2. Entitlement to service connection for headaches.
3. Entitlement to service connection for insomnia.
REPRESENTATION
Appellant represented by: Disabled American Veterans
WITNESS AT HEARING ON APPEAL
Appellant
ATTORNEY FOR THE BOARD
O. Lee, Associate Counsel
INTRODUCTION
The Veteran served on active duty for training (ACDUTRA) from March 2004 to September 2004 and on active duty from August 2005 to December 2006, to include service in Iraq from December 2005 to November 2006. He had interim and subsequent periods of service in the Army National Guard.
This matter comes before the Board of Veterans' Appeals (Board) on appeal from an August 2007 rating decision of the RO in Muskogee, Oklahoma, which denied service connection for GERD, headaches and insomnia.
The Veteran testified at a December 2009 videoconference hearing before the undersigned Veterans Law Judge. A transcript of that proceeding has been associated with the claims file.
The issues of service connection for headaches and insomnia are addressed in the REMAND portion of the decision below and are REMANDED to the RO via the Appeals Management Center (AMC), in Washington, DC.
FINDING OF FACT
The evidence is at least in equipoise that the Veteran's upper GI disorder is related to active service.
CONCLUSION OF LAW
Service connection for an upper GI disorder is warranted. 38 U.S.C.A. §§ 1110, 1111, 1153; 1154(b), 5107 (West 2002); 38 C.F.R. §§ 3.102, 3.303, 3.304(b), 3.306(a) (2009); Wagner v. Principi, 370 F.3d 1089, 1096 (Fed. Cir. 2004)
REASONS AND BASES FOR FINDING AND CONCLUSION
The Board has thoroughly reviewed all the evidence in the appellant's claims file, and has an obligation to provide reasons and bases supporting the decision. See Gonzales v. West, 218 F.3d 1378, 1380-81 (Fed. Cir. 2000) (the Board must review the entire record, but does not have to discuss each piece of evidence). The analysis below focuses on the most salient and relevant evidence and on what this evidence shows, or fails to show, on the claims.
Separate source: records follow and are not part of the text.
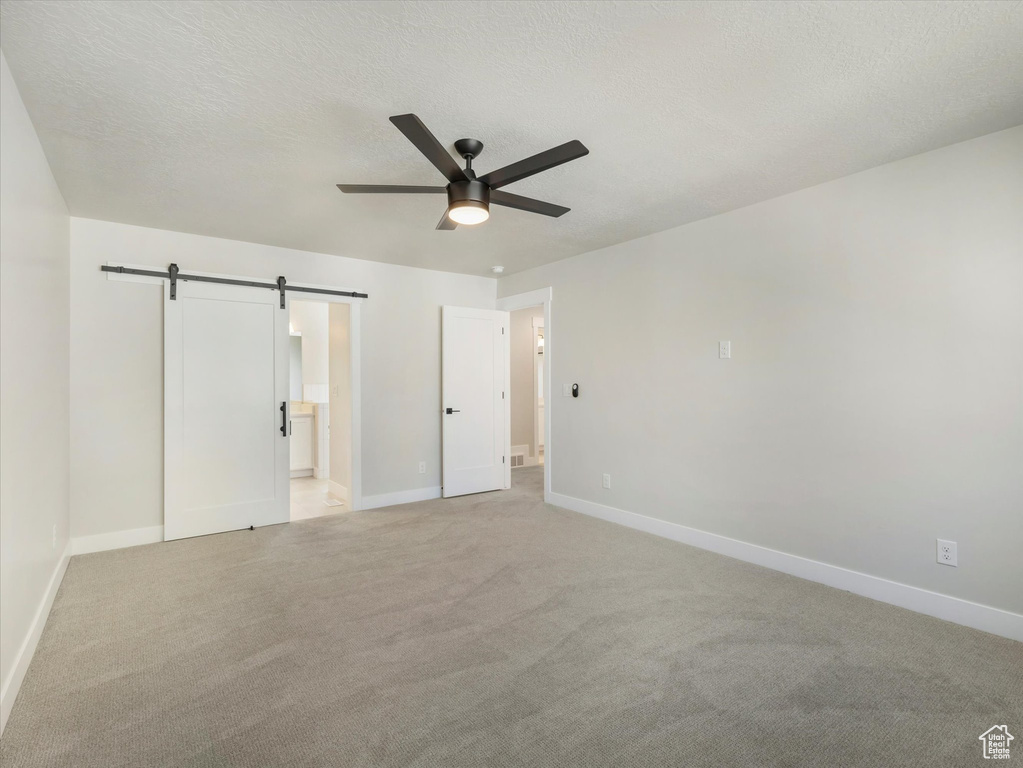 Unfurnished bedroom featuring light carpet, connected bathroom, a barn door, and ceiling fan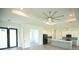 Open living room with high ceilings, ceiling fan, and access to kitchen at 1094 Rotonda Cir, Rotonda West, FL 33947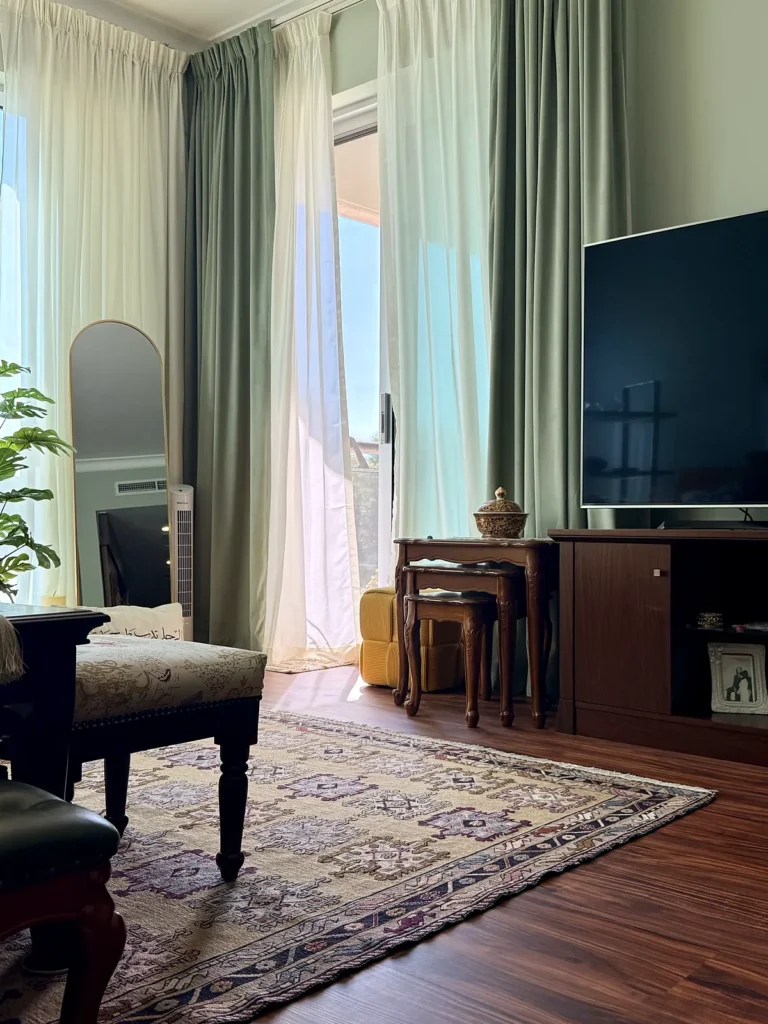 Green velvet curtains with white sheers in a Dubai living room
The appellant must not assume that the Board has overlooked pieces of evidence that are not explicitly discussed herein. See Timberlake v. Gober, 14 Vet. App. 122 (2000) (the law requires only that the Board address its reasons for rejecting evidence favorable to the veteran).
The Board must assess the credibility and weight of all evidence, including the medical evidence, to determine its probative value, accounting for evidence which it finds to be persuasive or unpersuasive, and providing reasons for rejecting any evidence favorable to the appellant. Equal weight is not accorded to each piece of evidence contained in the record; every item of evidence does not have the same probative value. When all the evidence is assembled, VA is responsible for determining whether the evidence supports the claim or is in relative equipoise, with the appellant prevailing in either event, or whether a preponderance of the evidence is against a claim, in which case, the claim is denied. Gilbert v. Derwinski, 1 Vet. App. 49 (1990).
I. The Veterans Claims Assistance Act of 2000 (VCAA)
With respect to the Veteran's claim, VA has met all statutory and regulatory notice and duty to assist provisions. See 38 U.S.C.A. §§ 5100, 5102, 5103, 5103A, 5106, 5107, 5126; 38 C.F.R. §§ 3.102, 3.156(a), 3.159, 3.326. In this case, the Board is granting in full the benefit sought on appeal. As there is no indication that any failure on the part of VA to provide additional notice or assistance reasonably affects the outcome of this case, the Board finds that any such failure is harmless. See Mayfield v. Nicholson, 19 Vet. App. 103 (2005), rev'd on other grounds, 444 F.3d 1328 (Fed. Cir. 2006); Kent v. Nicholson, 20 Vet. App. 1 (2006).
II. Service Connection
The Veteran contends that he has GERD as a result of active service. For the reasons that follow, the Board concludes that service connection is warranted.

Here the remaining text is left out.